Erik van Ingen '12 knew he wanted to make movies as soon as he saw an action sports documentary of extreme skiing when he was in western Canada, where he was competing in a ski race 3,000 miles from home.
“From there I thought, that’s pretty cool,” he says. “That’s something I want to do: be able to document something and relay a thought or an interpretation of an event from my mind through the lens to the screen.”
He was 12 at the time.
Today, van Ingen is a cinema major and one of the most successful runners in Binghamton University history: he holds the school record for the mile (3:57.11) and is the first runner in program history to qualify for the NCAA Division I Cross Country Championships. He was also named to the 2011 America East Academic Honor Roll.

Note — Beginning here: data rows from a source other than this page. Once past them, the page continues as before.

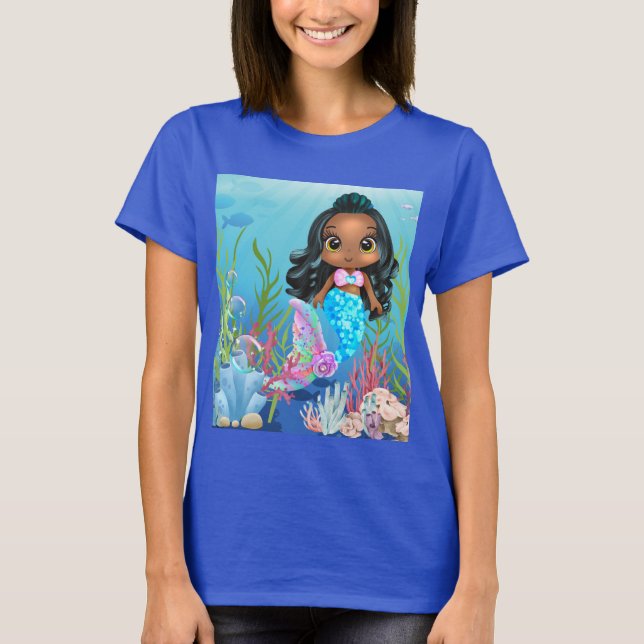 Camiseta Linda sereia negra tocando no mar (Frente)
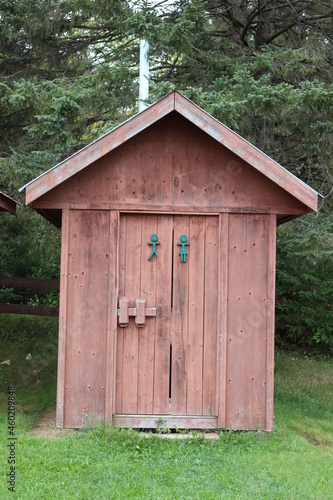 old wooden shed © Marcel Doré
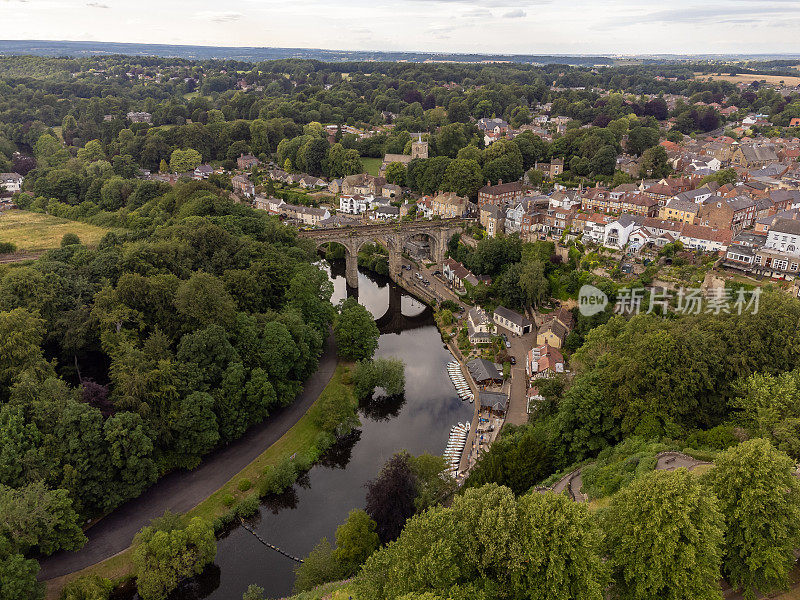 Nidd河和Knaresborough的铁路高架桥鸟瞰图，英格兰，英国，北约克郡。用0级无人机拍摄的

This summer, van Ingen used a Harpur College Undergraduate Award for Research and Creative Work to meld his two passions. With four other runners from universities across the country, he moved to Maine to train. They lived in spartan conditions, sleeping in basements and living in the woods, and van Ingen documented their experience. In The Real Maine, he shows there’s no secret to success. It’s just time, talent and dedication.
“What we are doing at a higher level is the same as what any other runner does,” he says. “As a younger athlete, I always thought there was this magical rift between a 15-year-old with aspirations and a 23-year-old athlete who’s out there running world-class times. But through that transition in age, I came to realize it’s really the same stuff. The people who are good at it are passionate and do it a lot.”